Congratulations! That is so wonderful, you can read how happy he is in his eyes.


----------



## CarolinaCasey (Jun 1, 2007)

Congratulations, Duke- welcome home!


----------



## mm03gn (Sep 24, 2008)

Woohoo!!! I'm so happy about your decision! I can't say I'm surprised though, I was just waiting for this thread  I knew that you and your family have just fallen head over heels for this special boy - and I have no doubt that he will live the happiest life imaginable right.where.he.is!!!!!


----------



## Bogey's Mom (Dec 23, 2008)

Hooray!!!!!!!!!! I hope Tuff Dog sees this too so he can also give three paws up! Congrats, Duke!


----------



## Cassie&Bailey'sMom (Feb 23, 2010)

Bless your heart. I wish you and Duke a lifetime of love and happiness.


----------



## Heidi36oh (Feb 27, 2007)

Congratulations, Duke, welcome home!


----------



## Claire's Friend (Feb 26, 2007)

Excellent !!!:appl:


----------



## missmarstar (Jul 22, 2007)

Congrats on your new addition!!! I'm sure he's happy that he's home for good


----------



## davebeech (Feb 11, 2006)

way to go Duke !! good boy for stealing your new owners hearts


----------



## Rob's GRs (Feb 25, 2007)

Congratulations. I am sure Duke is a happy boy now !!


----------



## AmberSunrise (Apr 1, 2009)

Woo hooo  Congrats to Duke and you


----------



## Noey (Feb 26, 2009)

:--big_grin::--heart::--big_grin:

Yeaaaaaaaaa. Happy new forever home.


----------



## Lisa_and_Willow. (Dec 18, 2007)

Welcome home Duke!


----------



## kaysy (Jan 9, 2010)

Congratulations, and Duke is such a handsome fellow.
Kay


----------



## GoldenJoyx'stwo (Feb 25, 2007)

I wish you many happy and healthy years together! There is no place like Home. I'm glad Duke found that home with you...


----------



## LibertyME (Jan 6, 2007)

Congratulations Duke! You hit the jackpot!!! 
_<something tells me your new family did too!>_


----------



## Karen519 (Aug 21, 2006)

*Ggdenny*

GGDENNY

I cannot tell you how ECSTATIC I am for Duke and your family!!

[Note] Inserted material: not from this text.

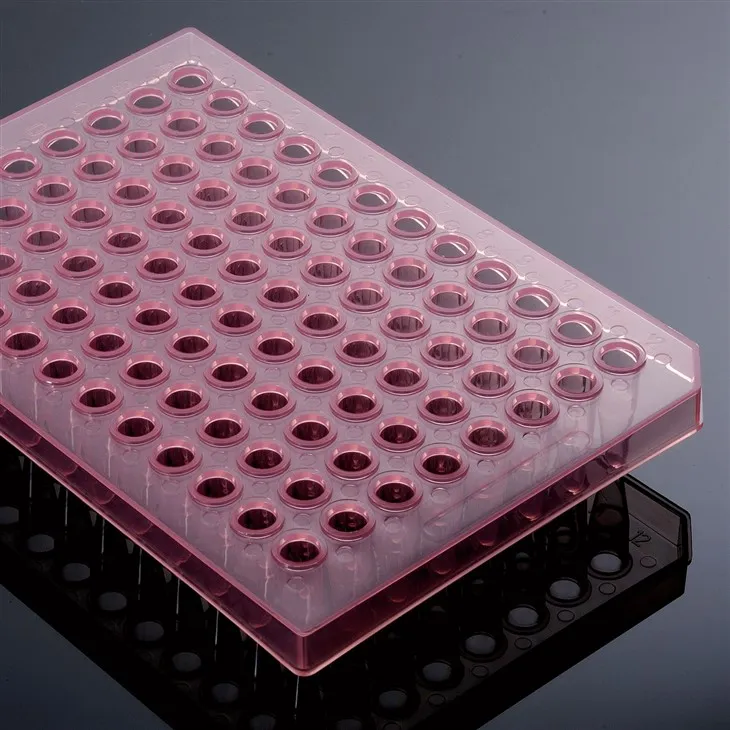 PCR Plates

You made the RIGHT DECISION-*Duke was MEANT to be with you!!:--*heart::--heart:

God Bless!!


----------



## momtoMax (Apr 21, 2009)

Congrats!! With your next foster you'll become a 3 dog family for a while!! Having 2, even an old fogey and a nut like I do, is great. Let me know what 3 is like!!


----------



## fostermom (Sep 6, 2007)

Congratulations on your wonderful new addition!


----------



## janine (Aug 8, 2009)

Welcome to your new family....I love happy endings!!!


----------



## C's Mom (Dec 7, 2009)

Yahoo!!!!!!! Congrats to you and Duke. 

And thank you so much for helping to transport another rescue dog.


----------



## Faith's mommy (Feb 26, 2007)

congrats to your whole family - both skin & fur


----------



## coppers-mom (Jan 9, 2009)

"_Duke's true personality has really come out in the past several weeks: he's sweet, funny, naughty, silly, loving, clingy and above all, happy_."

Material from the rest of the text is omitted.